Making clear statements about who has responsibility for a phase of the project, who has leadership of that work package and the deliverables required from others is going to help significantly in ensuring successful completion, but coupling this with a plan to address any delays in delivery will be important also. An example emerged in one project where training manuals were printed in one country and then delayed at customs for several weeks, by ensuring that designs were created in a shared software package, that electronic files were held in the cloud and that facilities for local printing were available the impact of this was considerably reduced.
5 Business model and Funding
One of the most important stakeholders in the project will be the funder. There are a range of funding models that may be considered.
- Grant Funding
- Seed funding with shared IPR
- Joint funding with shared revenues
A decision as to which of these models is most appropriate may be determined by a range of factors which might include
- Level of investment required
- Level of risk to partners
- Prior IPR and ownership of source code
- Agreed license for publication
- Level of commitment to maintain and update code
- Commitment to promote
- Commitment to provide technical support
The final decision as to the best funding model will be related to reducing the risk of producing a product in a new market, but will also consider the nature of a partnership after launch, who will promote ? who will maintain code ? and who will provide first line technical support and user training ?
There is no single correct model for all projects, in Mada’s experience a mixed model depending on the nature of the anticipated deliverable was the most effective in producing a range of Arabic assistive technologies.
Launch and beyond
Relations and partnerships should not finish at the point of handover of a product for use within a community. The launch of a product is the start of a new phase of the project if it is to be successfully implemented. The same care regarding roles, responsibilities and dependencies should be taken at this stage as was taken at the earlier phase of product design.
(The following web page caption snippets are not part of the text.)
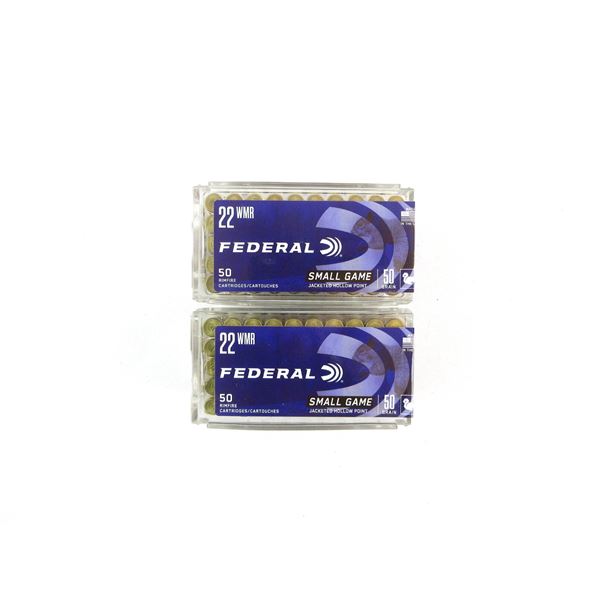 FEDERAL .22 WMR AMMO LOT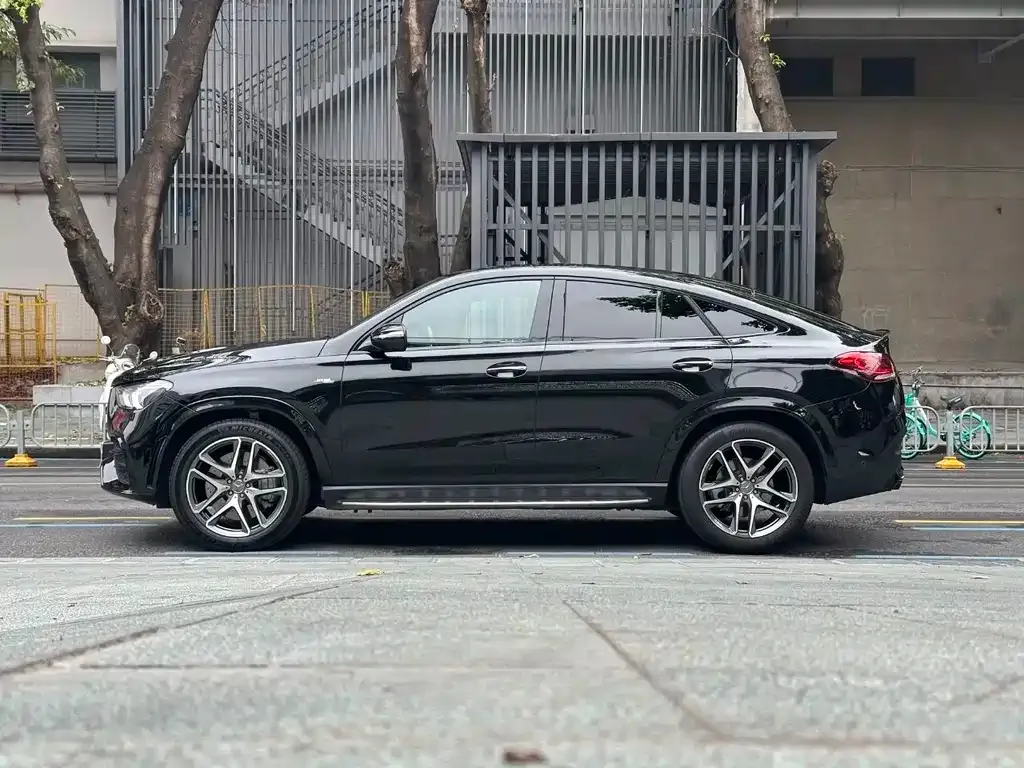 Mercedes-Benz GLE Coupe AMG — фото 3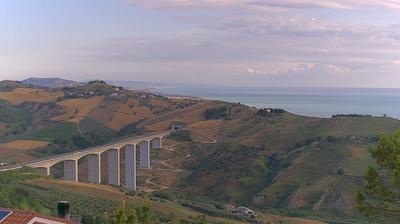 immagine della webcam nei dintorni di Alba Adriatica: webcam Foggetta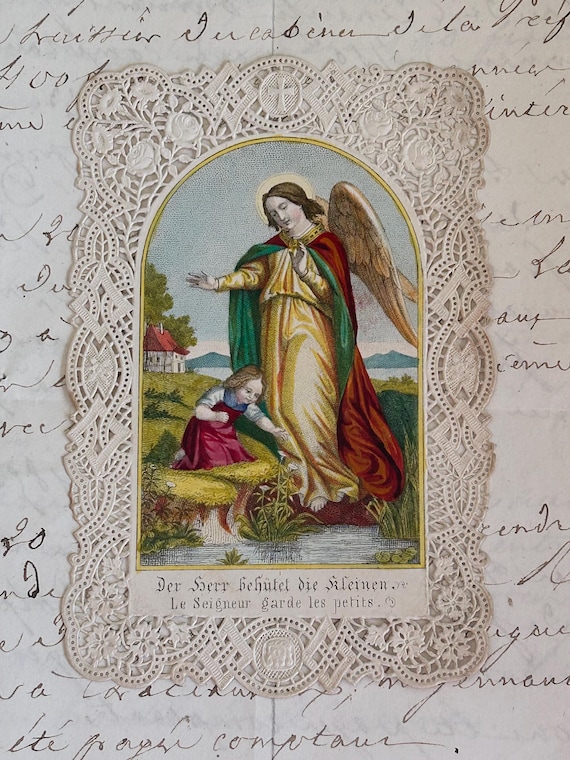 Antique, Guardian Angel Canivet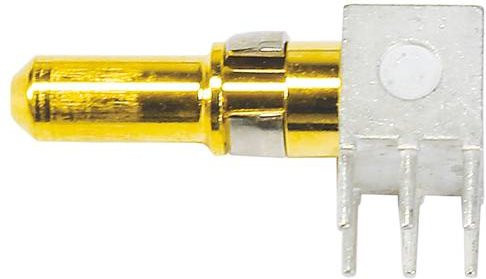 HARTING Einlötkontakt aus Messing mit Goldbeschichtung 09030006128 - Bild 1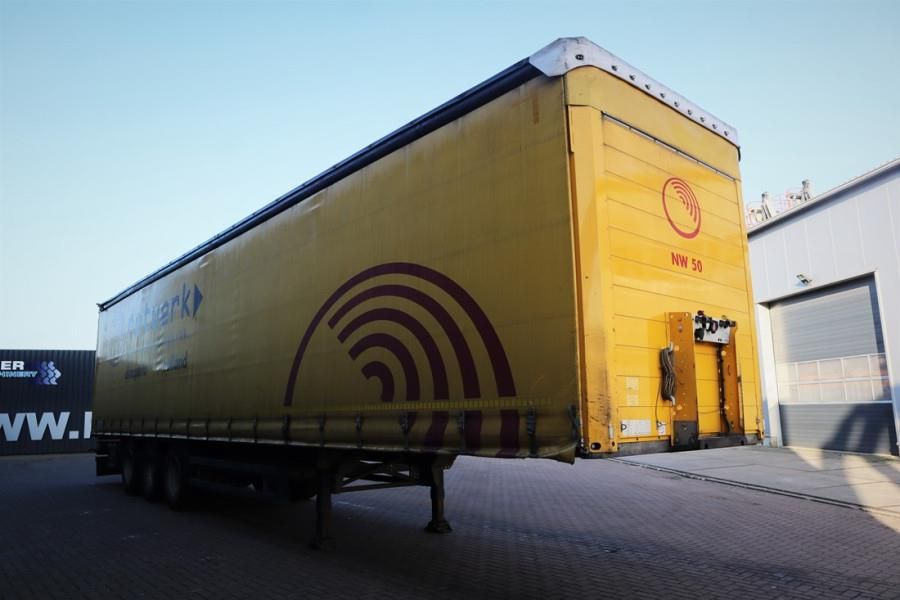 Schmitz Cargobull SCB3ST CoC Documents, TuV Loading Certificate, Dut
Most especially it should be agreed :-
- What is the model of distribution within the region ?
- In what format is the product delivered (CD/USB/Download) ?
- What is the first line of technical support for a new region and how is it escalated if required ?
- Who will provide any training and under what licence are training materials made available ?
- What is the agreement for product evaluation and bug fixing ?
- What is agreement around the potential for future shared projects ?
- What is the agreement around shared use of logos and brands ?
But ultimately this leads us full circle, if a trusted relationship between partners has been established prior to launch the that relationship can carry over into the post launch phase. It may be that at this stage a new partner may need to be introduced (such as regional distributor) and once more care should be taken to build relations and clarify expectations
Partnerships are critical to the delivery of a successfully localised AT product, an understanding of stakeholders and cultural norms will be vital in building a sense of trust and commitment to the end result.